• ABOUT THIS EXERCISE
Quote word for word the lines below, beginning with the first and ending with the one that has "Confused young woman". Drop the pictures.

BEGIN ENTRIES SHOWN

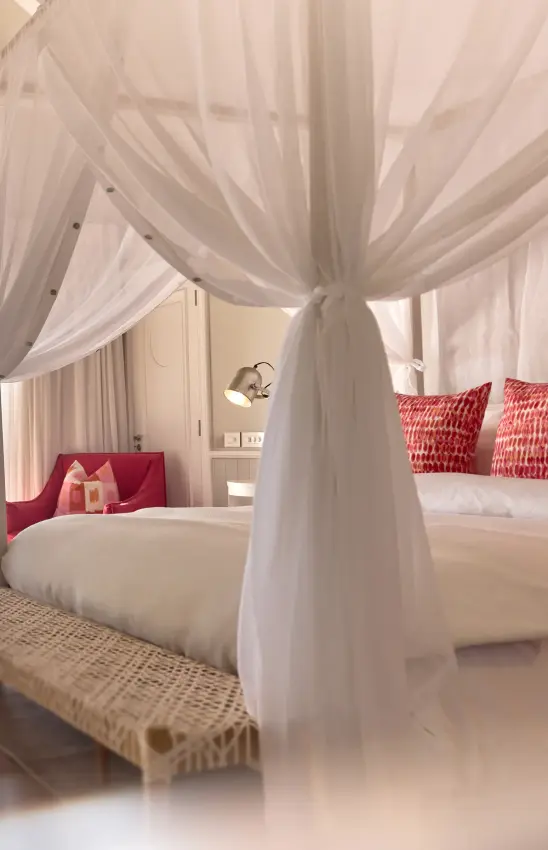 Luxury canopy bed with sheer white drapes and red patterned pillows in bedroom, Thanda Island, Mafia Archipelago, Tanzania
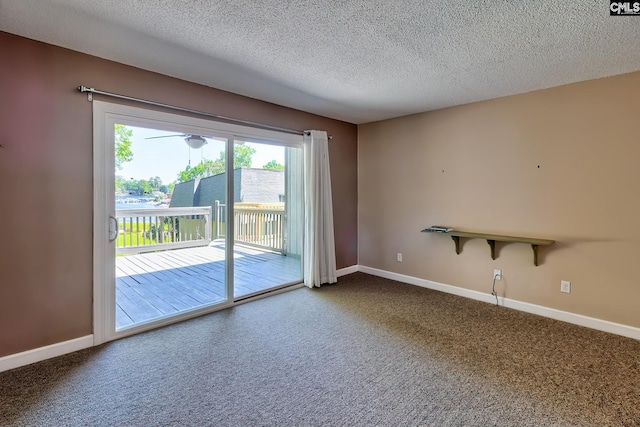 carpeted empty room featuring baseboards and a textured ceiling
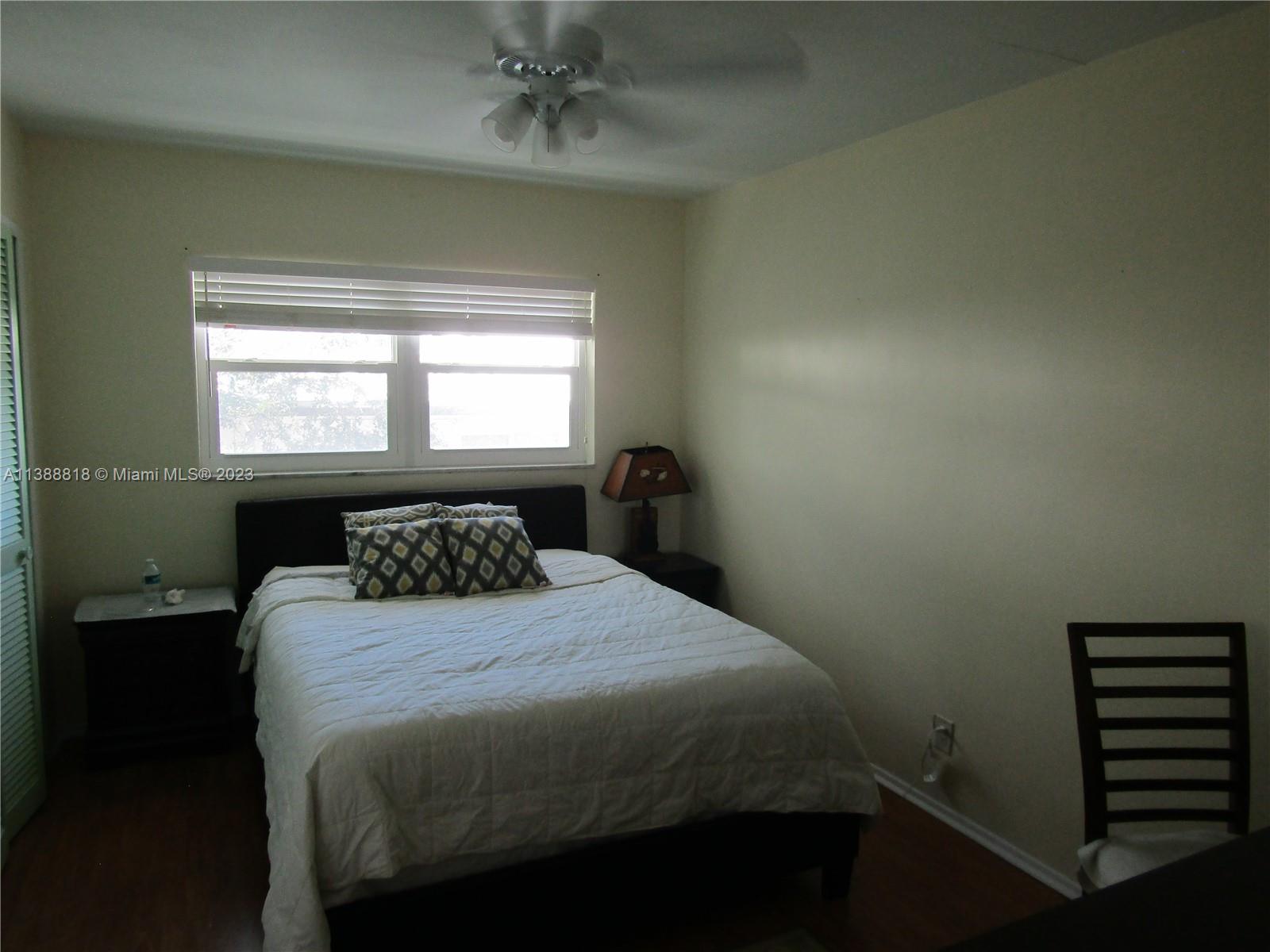 651 Pine Drive, Unit 309 Pompano Beach, FL 33060 - Photo 23 of 38 a bedroom with a bed and a window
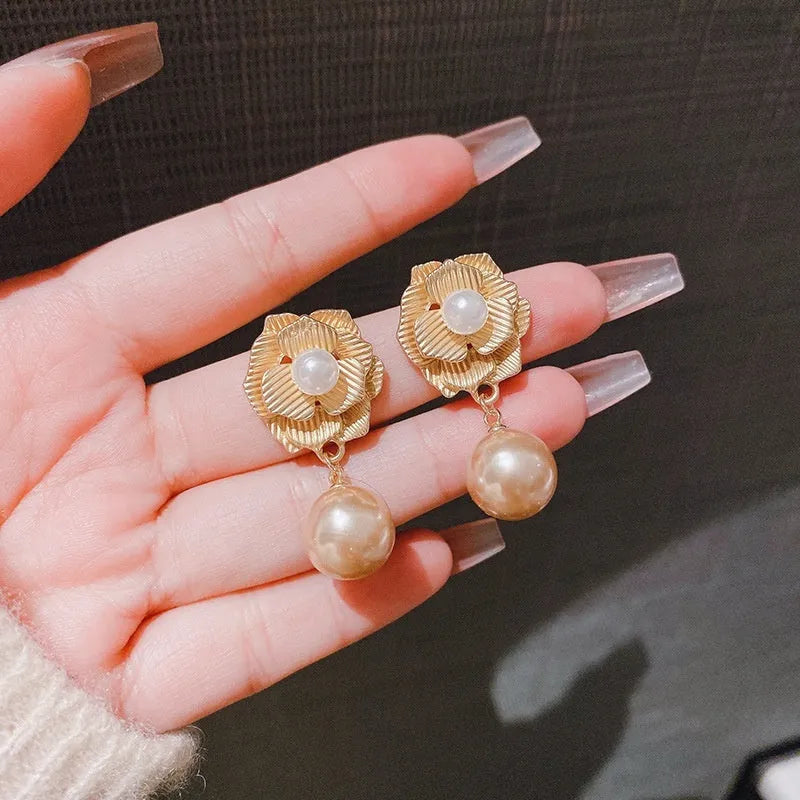 Gold colour flower stud earrings with needle rose pearl design and opal stone
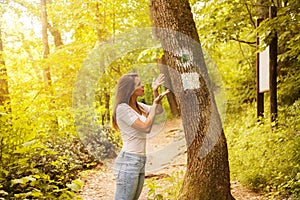 Confused young woman looking at a sign in the forest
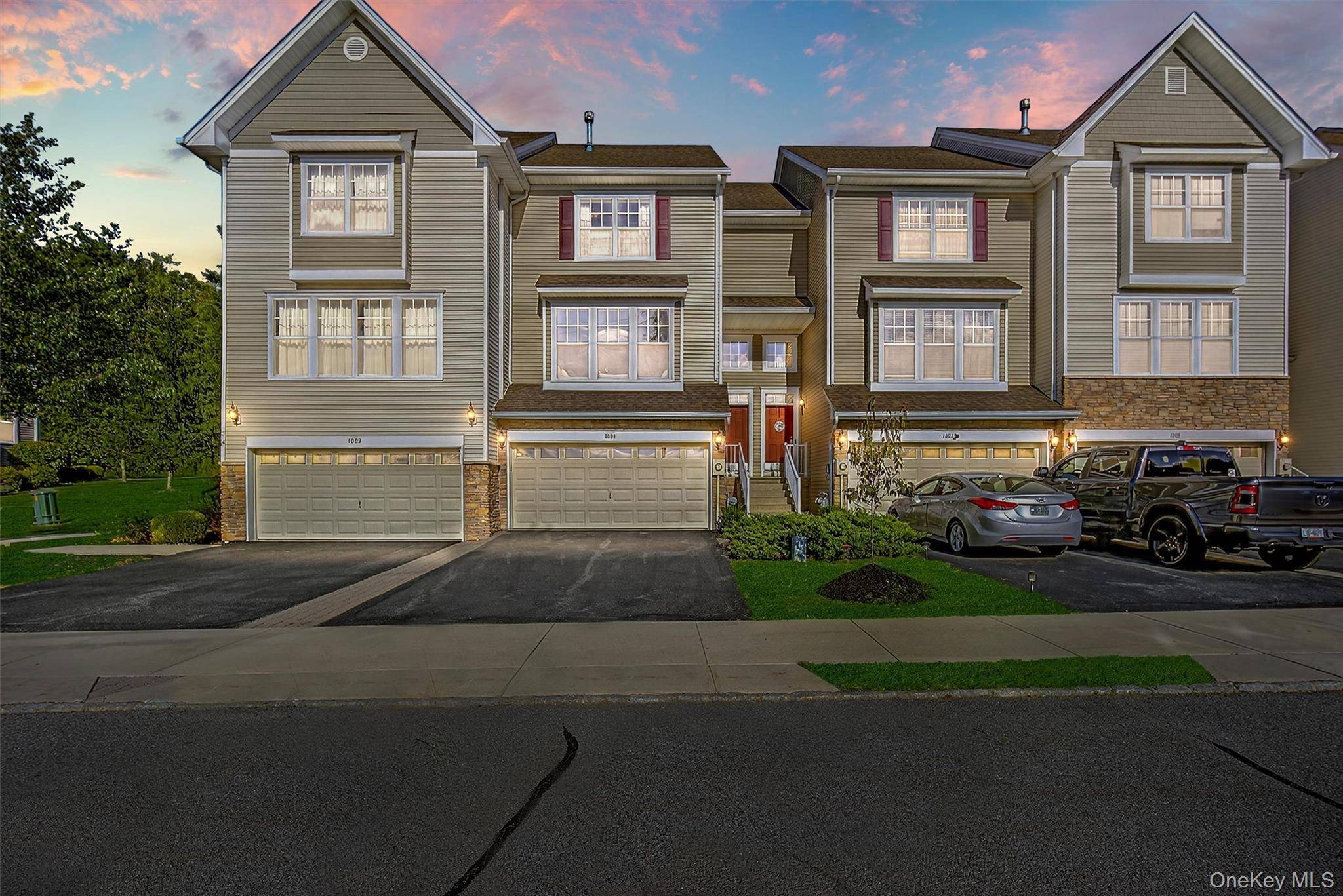 Welcome to this light filled, meticulously maintained townhouse in the desirable community of The Grove.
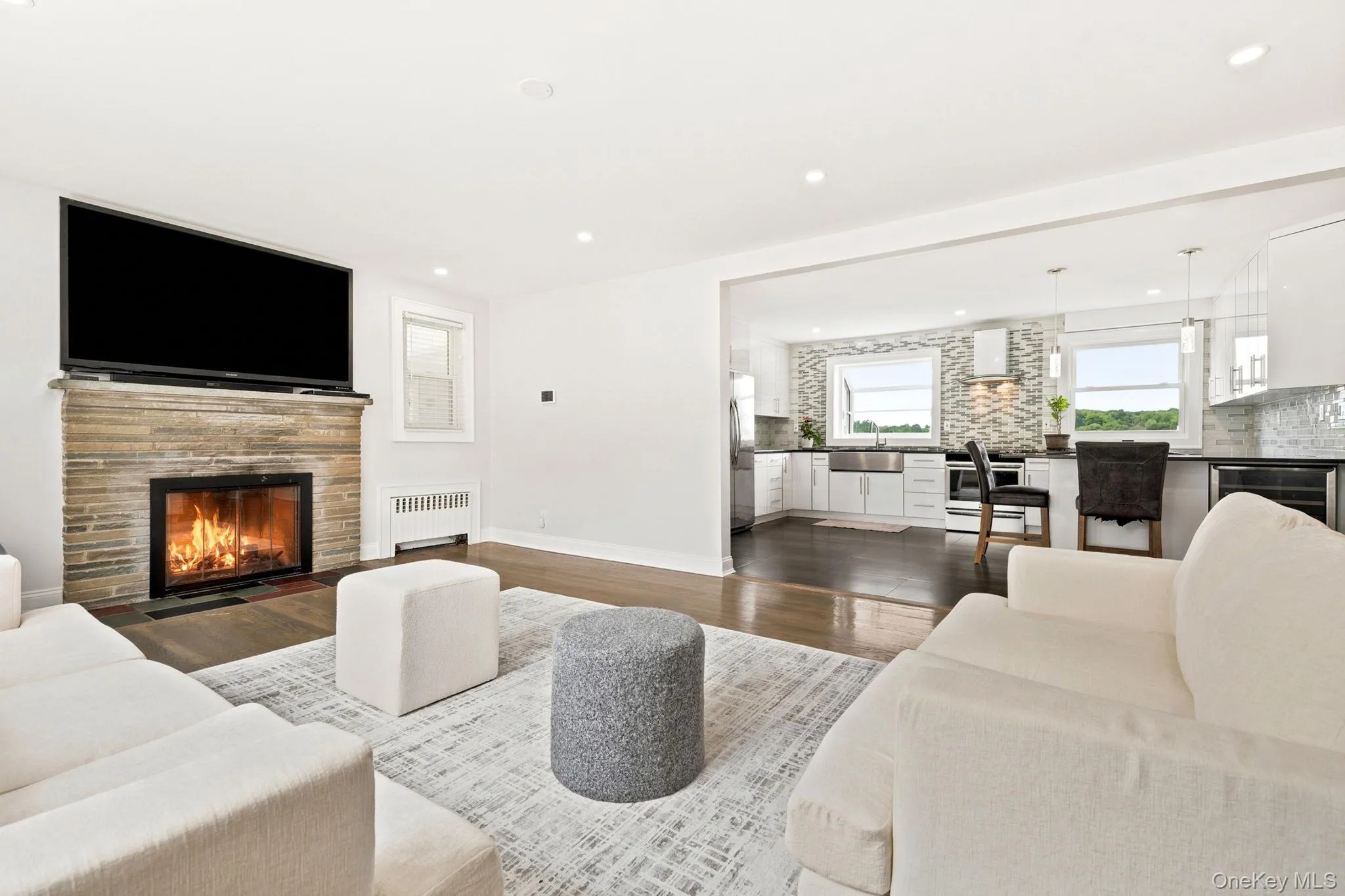 Gather around the warmth of a classic wood-burning fireplace. Gather around the warmth of a classic wood-burning fireplace.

END ENTRIES SHOWN

• WORKED SOLUTION
 Luxury canopy bed with sheer white drapes and red patterned pillows in bedroom, Thanda Island, Mafia Archipelago, Tanzania
 carpeted empty room featuring baseboards and a textured ceiling
 651 Pine Drive, Unit 309 Pompano Beach, FL 33060 - Photo 23 of 38 a bedroom with a bed and a window
 Gold colour flower stud earrings with needle rose pearl design and opal stone
 Confused young woman looking at a sign in the forest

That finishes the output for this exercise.